* EXERCISE DATA

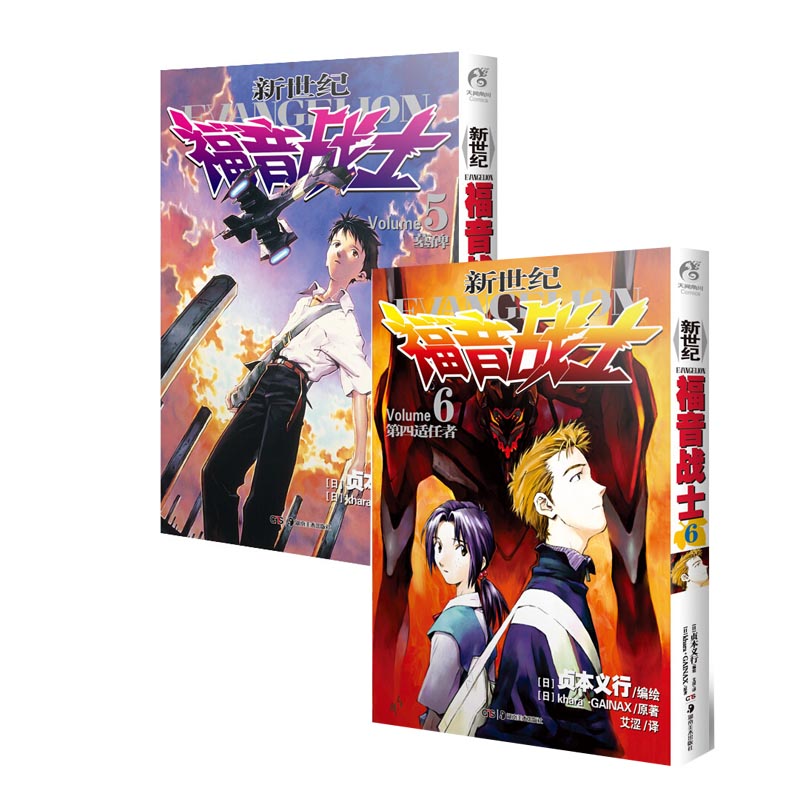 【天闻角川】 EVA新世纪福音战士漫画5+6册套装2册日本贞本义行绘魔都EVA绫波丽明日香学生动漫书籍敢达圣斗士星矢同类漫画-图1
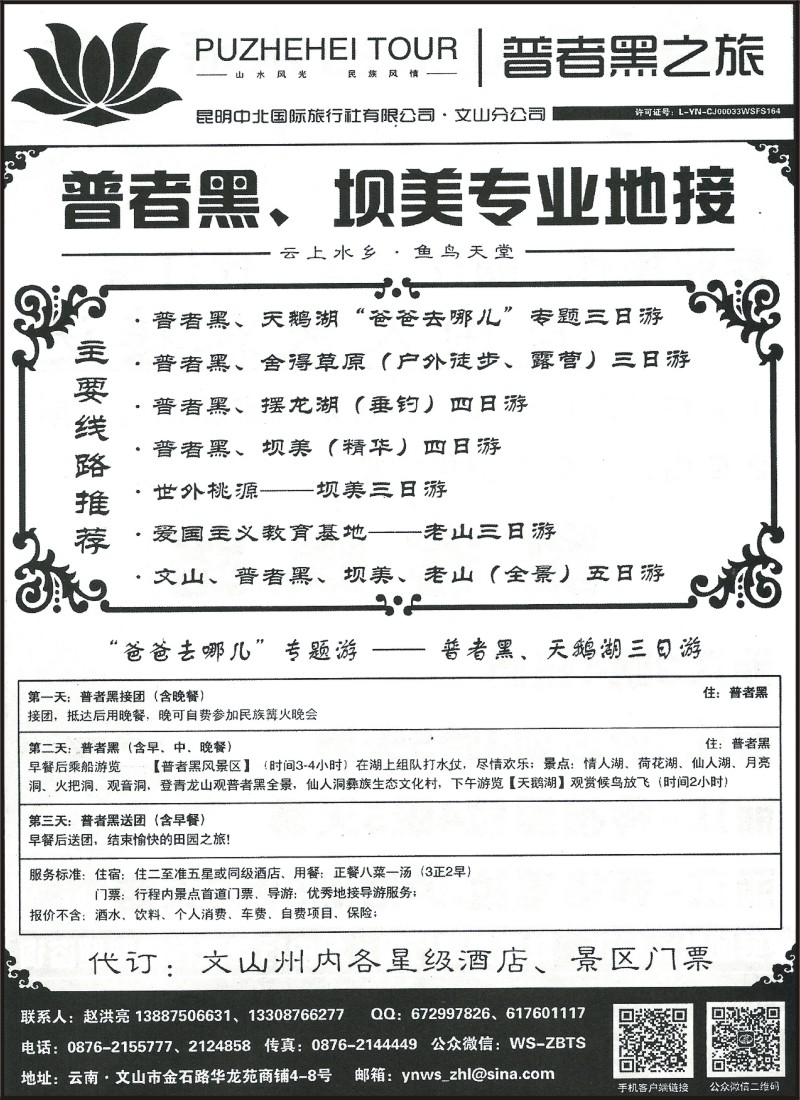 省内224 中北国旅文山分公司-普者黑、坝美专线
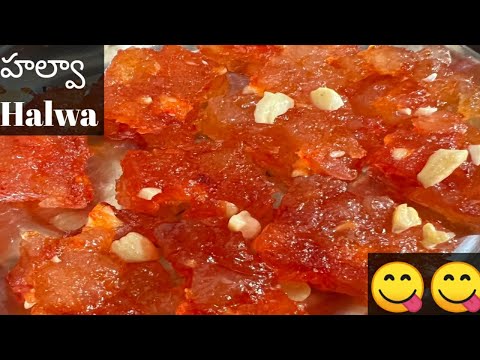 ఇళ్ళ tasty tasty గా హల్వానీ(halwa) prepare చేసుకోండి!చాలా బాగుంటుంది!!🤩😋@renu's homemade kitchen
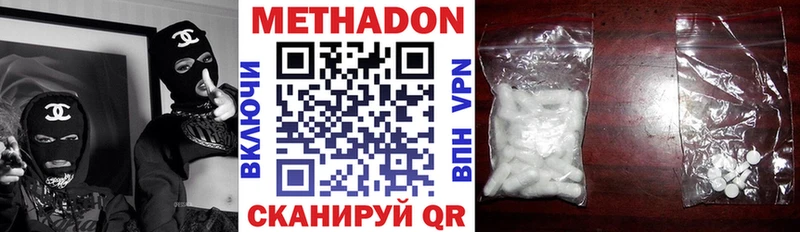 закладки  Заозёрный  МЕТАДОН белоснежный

* ASSIGNED TASK
With the pictures removed, repeat the listing above exactly as it stands.

* SOLUTION
 【天闻角川】 EVA新世纪福音战士漫画5+6册套装2册日本贞本义行绘魔都EVA绫波丽明日香学生动漫书籍敢达圣斗士星矢同类漫画-图1
 省内224 中北国旅文山分公司-普者黑、坝美专线
 ఇళ్ళ tasty tasty గా హల్వానీ(halwa) prepare చేసుకోండి!చాలా బాగుంటుంది!!🤩😋@renu's homemade kitchen
 закладки  Заозёрный  МЕТАДОН белоснежный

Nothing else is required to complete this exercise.